ADAM GMP Library — `src/lib/gmp`

The GMP backend is ADAM's OpenMP target offloading GPU acceleration layer, providing vendor-neutral GPU support through OpenMP 5.0+ !$omp target directives. It follows the same two-tier pattern as the FNL and NVF backends — a wrapper object managing device-resident arrays plus a kernel module containing the offloaded computation — but replaces all vendor-specific constructs with standard OpenMP semantics, making it portable to NVIDIA, AMD, and Intel GPU hardware.

Status: experimental. The GMP backend is fully structured and compiles, but has not yet reached the production maturity level of the FNL and NVF backends.

No physics or algorithmic logic is duplicated from src/lib/common. All equations, coefficients, and data structures are defined once in the common layer and mirrored to the device by the GMP layer.
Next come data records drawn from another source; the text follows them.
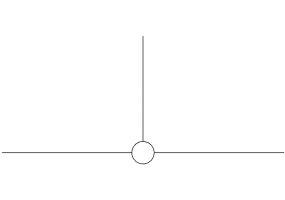Derivation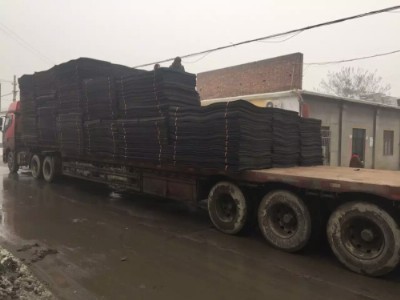 ����ϩ�]����ĭ��p���|���z�y���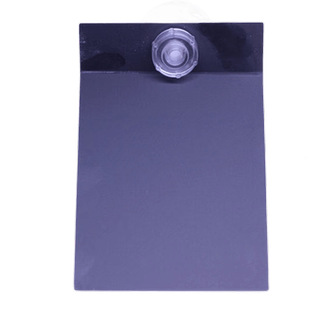 神仙鱼燕鱼繁殖板繁殖罐产卵板繁殖罐产卵罐孵化器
The aggregate entry point adam_gmp_library re-exports the entire GMP API together with adam_common_library; a single use adam_gmp_library exposes both layers.

GMP vs FNL vs NVF at a glance
OpenMP target directives used
Memory management utilities
MPI handler and device management
Field
WENO reconstruction
Runge-Kutta integration
Immersed boundary method
Communication maps
Module summary

GMP vs FNL vs NVF at a glance

Aspect	GMP (OpenMP target)	FNL (OpenACC)	NVF (CUDA Fortran)
Standard	OpenMP 5.0+	OpenACC 3.x	CUDA Fortran (nvfortran)
Vendor portability	NVIDIA, AMD, Intel	NVIDIA, AMD (limited)	NVIDIA only
Device arrays	`pointer` + `omp_target_alloc`	`declare device_resident` / OpenACC data	`allocatable, device`
Kernel launch	`!$omp target teams distribute parallel do`	`!$acc parallel loop gang vector`	`!$cuf kernel do(N) <<<,>>>`
Parallelism levels	3 — teams / distribute / parallel do	3 — gang / worker / vector	2 — grid / block
Loop collapsing	Explicit `collapse(N)`	Explicit `gang vector`	Implicit in `do(N)`
Device memory alloc	`omp_target_alloc` (C interop)	FUNDAL `dev_alloc`	`alloc_var_gpu` (local library)
Host↔device copy	`omp_target_memcpy` (C interop)	FUNDAL `dev_assign_to_device`	`assign_allocatable_gpu` (local library)
GPU-aware MPI	`!$omp target data use_device_addr`	`!$acc host_data use_device`	Direct (CUDA-aware MPI)
Device selection	`omp_set_default_device`	Implicit	`CudaSetDevice`
Error checking	Runtime return codes	Implicit	Explicit `check_cuda_error`
Preprocessor guards	None — fully runtime	`#ifdef _FNL`	`#ifdef _NVF`
Production status	Experimental	Production	Production

OpenMP target directives used

The GMP backend uses a small, consistent set of OpenMP offloading constructs throughout all kernel modules.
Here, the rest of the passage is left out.